_THE PROBLEM_
Images should be omitted while the rest of the data is duplicated exactly.

_AVAILABLE DATA_
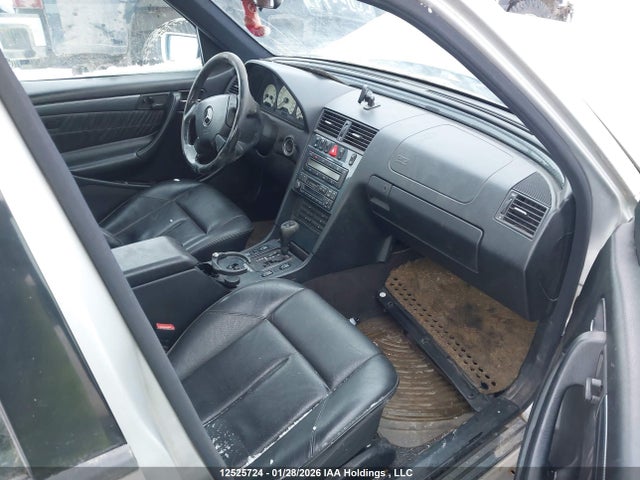 1998 Mercedes-benz C 280 მანქანა იყიდება აუქციონზე, vin: WDBHA29G9WF681078, აუქციონის ნომერი: 12525724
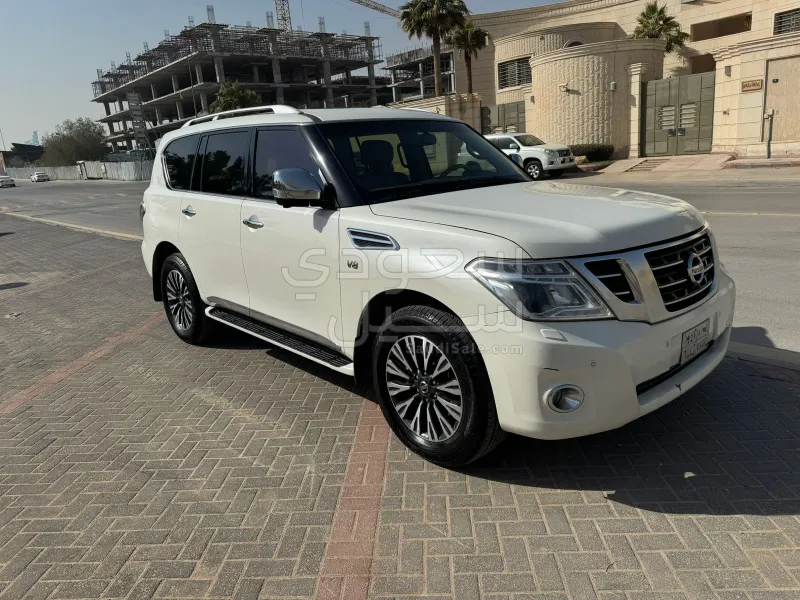 2016 نيسان باترول بلاتينيوم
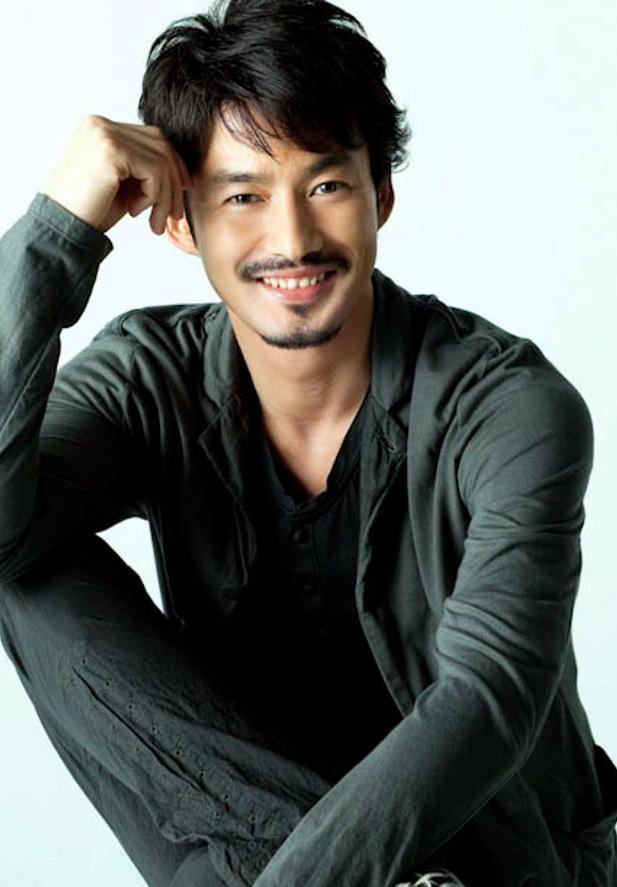 多重魅力都集中在同一个人身上,也难怪竹野内丰直到今日也仍是日本人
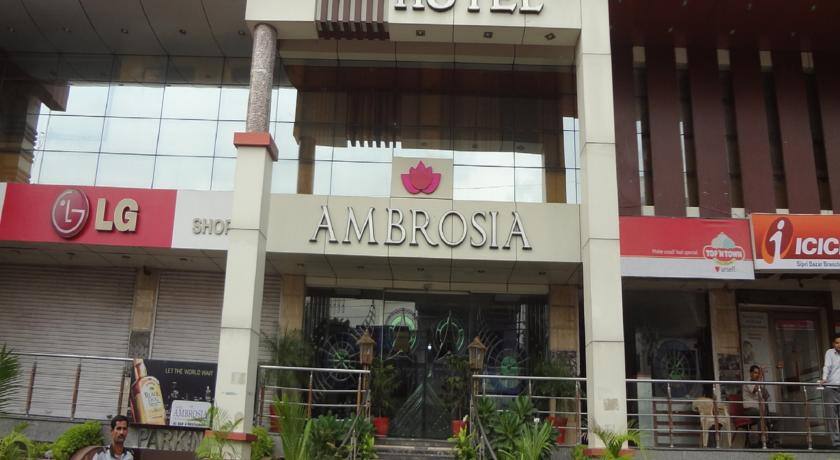 Hotel Ambrosia, Jhansi 4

_EXERCISE RESPONSE_
 1998 Mercedes-benz C 280 მანქანა იყიდება აუქციონზე, vin: WDBHA29G9WF681078, აუქციონის ნომერი: 12525724
 2016 نيسان باترول بلاتينيوم
 多重魅力都集中在同一个人身上,也难怪竹野内丰直到今日也仍是日本人
 Hotel Ambrosia, Jhansi 4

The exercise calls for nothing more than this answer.